» **Exercise description**
Write out again, word for word, the lines below from the line that holds "If you guys" through the line that holds "The flow rate", omitting pictures.

» **Task inputs**
::::

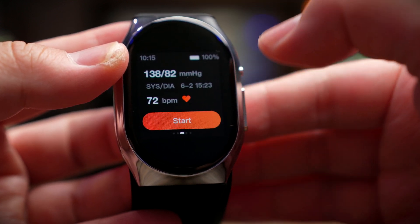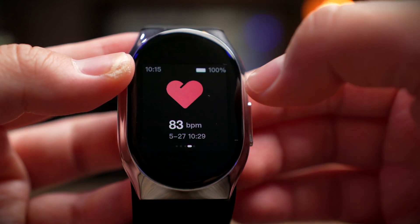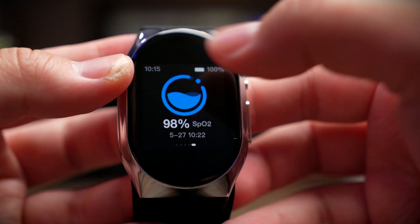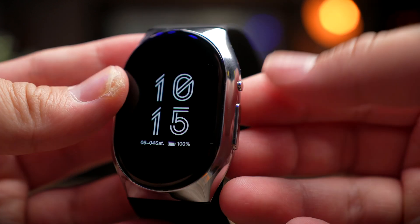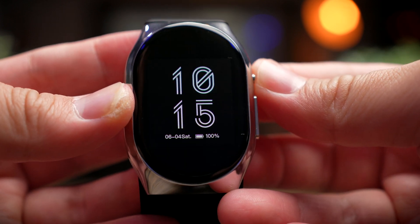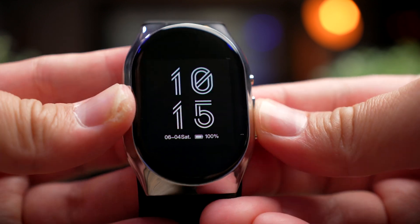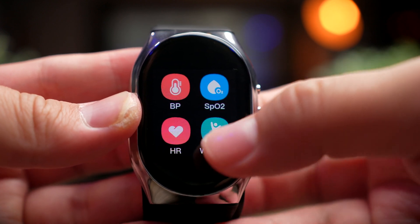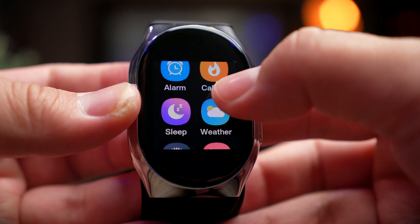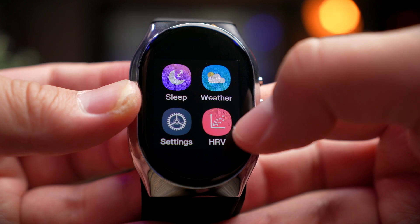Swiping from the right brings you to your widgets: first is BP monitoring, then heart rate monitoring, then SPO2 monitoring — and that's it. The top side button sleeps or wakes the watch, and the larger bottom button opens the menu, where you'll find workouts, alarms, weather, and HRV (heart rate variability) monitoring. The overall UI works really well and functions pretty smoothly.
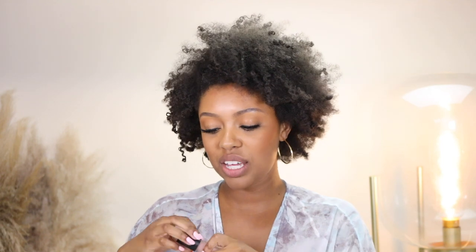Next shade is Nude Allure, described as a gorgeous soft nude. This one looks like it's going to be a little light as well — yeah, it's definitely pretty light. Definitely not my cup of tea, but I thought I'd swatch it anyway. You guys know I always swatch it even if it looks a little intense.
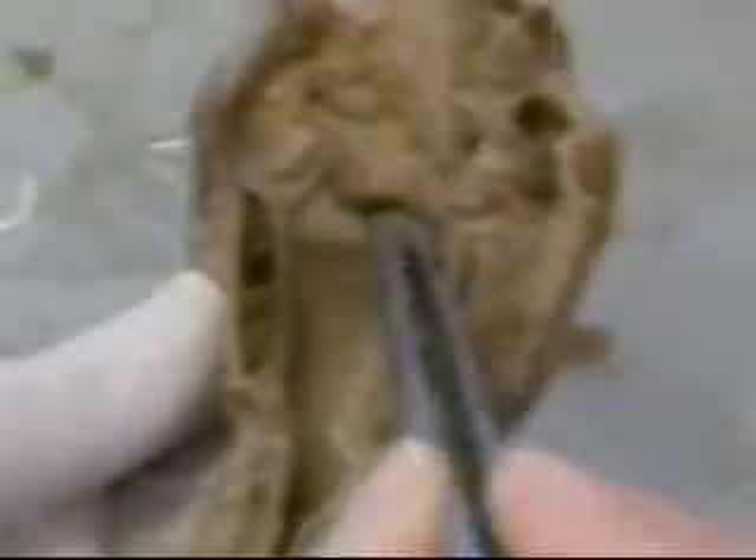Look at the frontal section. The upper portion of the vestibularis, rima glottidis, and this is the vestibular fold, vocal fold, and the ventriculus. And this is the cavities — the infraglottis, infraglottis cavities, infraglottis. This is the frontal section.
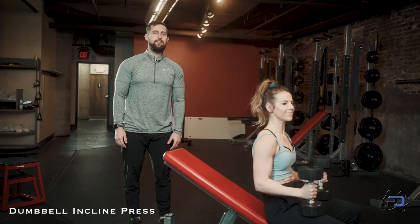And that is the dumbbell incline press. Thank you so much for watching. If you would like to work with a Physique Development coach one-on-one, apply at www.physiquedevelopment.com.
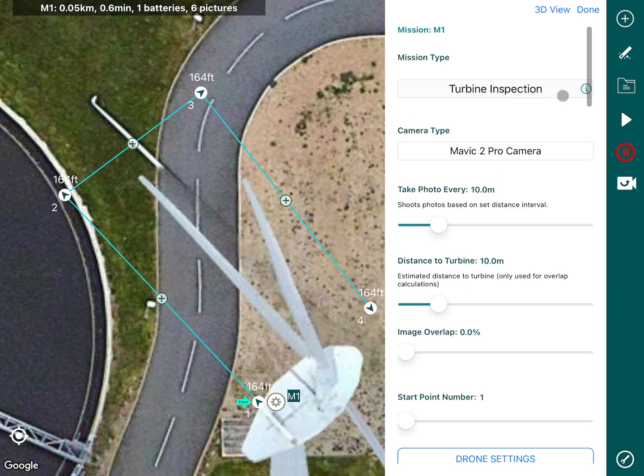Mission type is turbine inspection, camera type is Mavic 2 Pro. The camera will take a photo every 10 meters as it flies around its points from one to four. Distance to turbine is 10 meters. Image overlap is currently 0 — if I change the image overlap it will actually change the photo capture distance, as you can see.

::::

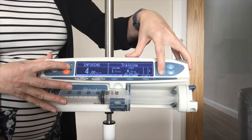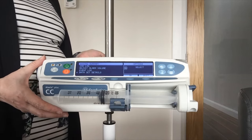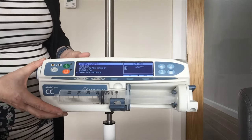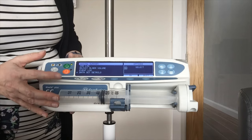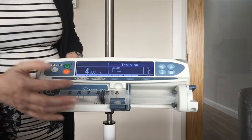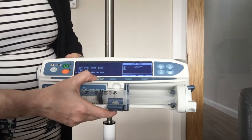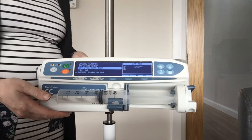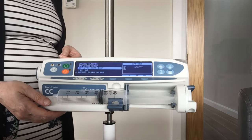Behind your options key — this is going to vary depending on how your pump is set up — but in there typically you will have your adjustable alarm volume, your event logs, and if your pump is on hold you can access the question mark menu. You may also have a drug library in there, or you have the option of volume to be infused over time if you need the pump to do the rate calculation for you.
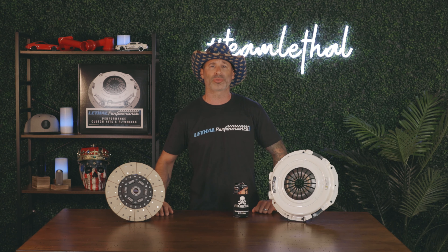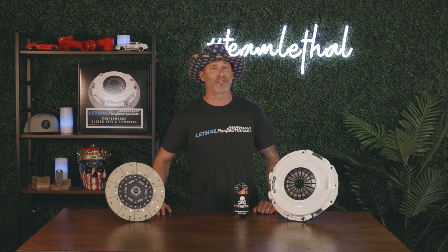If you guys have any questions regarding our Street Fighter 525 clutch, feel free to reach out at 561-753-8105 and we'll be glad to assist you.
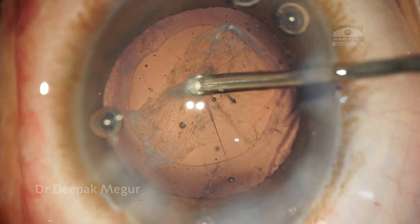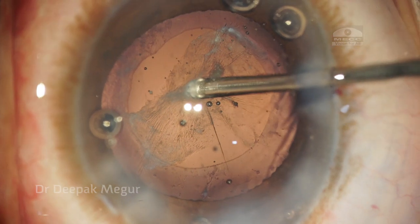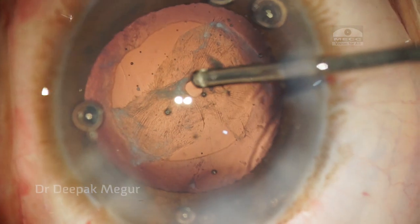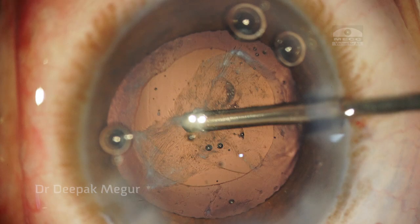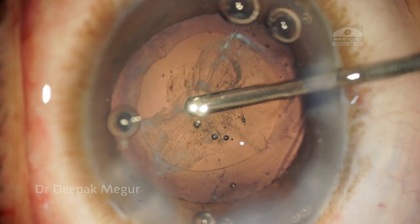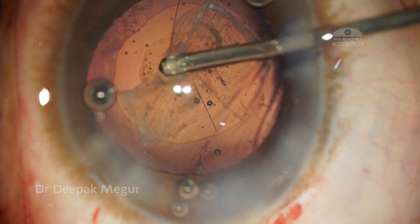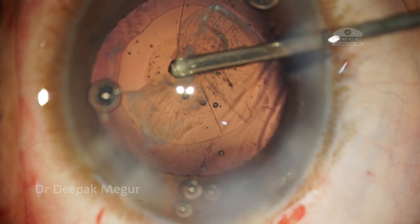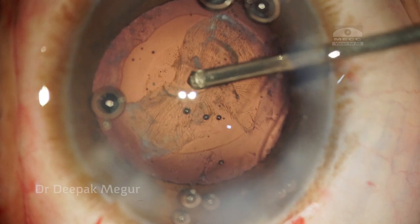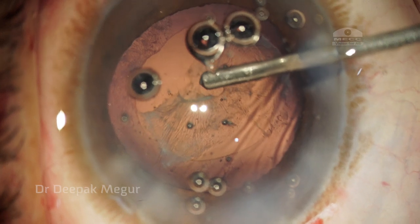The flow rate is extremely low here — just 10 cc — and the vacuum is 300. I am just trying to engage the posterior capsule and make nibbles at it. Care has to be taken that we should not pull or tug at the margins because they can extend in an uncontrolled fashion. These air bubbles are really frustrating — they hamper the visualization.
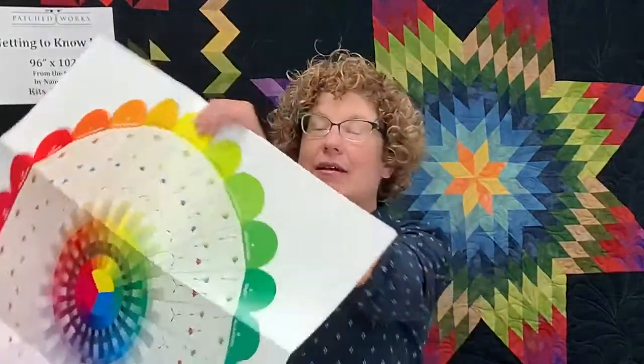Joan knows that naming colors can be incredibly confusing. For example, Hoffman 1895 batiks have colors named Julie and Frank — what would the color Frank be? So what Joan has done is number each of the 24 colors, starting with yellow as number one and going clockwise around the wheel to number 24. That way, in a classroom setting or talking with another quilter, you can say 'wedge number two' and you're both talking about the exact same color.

::::

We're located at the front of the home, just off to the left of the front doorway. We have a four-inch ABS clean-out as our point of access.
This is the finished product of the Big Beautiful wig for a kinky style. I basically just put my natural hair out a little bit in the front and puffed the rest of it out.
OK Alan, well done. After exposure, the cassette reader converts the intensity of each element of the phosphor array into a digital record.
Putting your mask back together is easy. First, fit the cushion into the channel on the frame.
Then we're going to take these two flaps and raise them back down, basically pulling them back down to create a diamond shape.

::::

» **Answer**
If you guys have any questions regarding our Street Fighter 525 clutch, feel free to reach out at 561-753-8105 and we'll be glad to assist you.
The flow rate is extremely low here — just 10 cc — and the vacuum is 300. I am just trying to engage the posterior capsule and make nibbles at it. Care has to be taken that we should not pull or tug at the margins because they can extend in an uncontrolled fashion. These air bubbles are really frustrating — they hamper the visualization.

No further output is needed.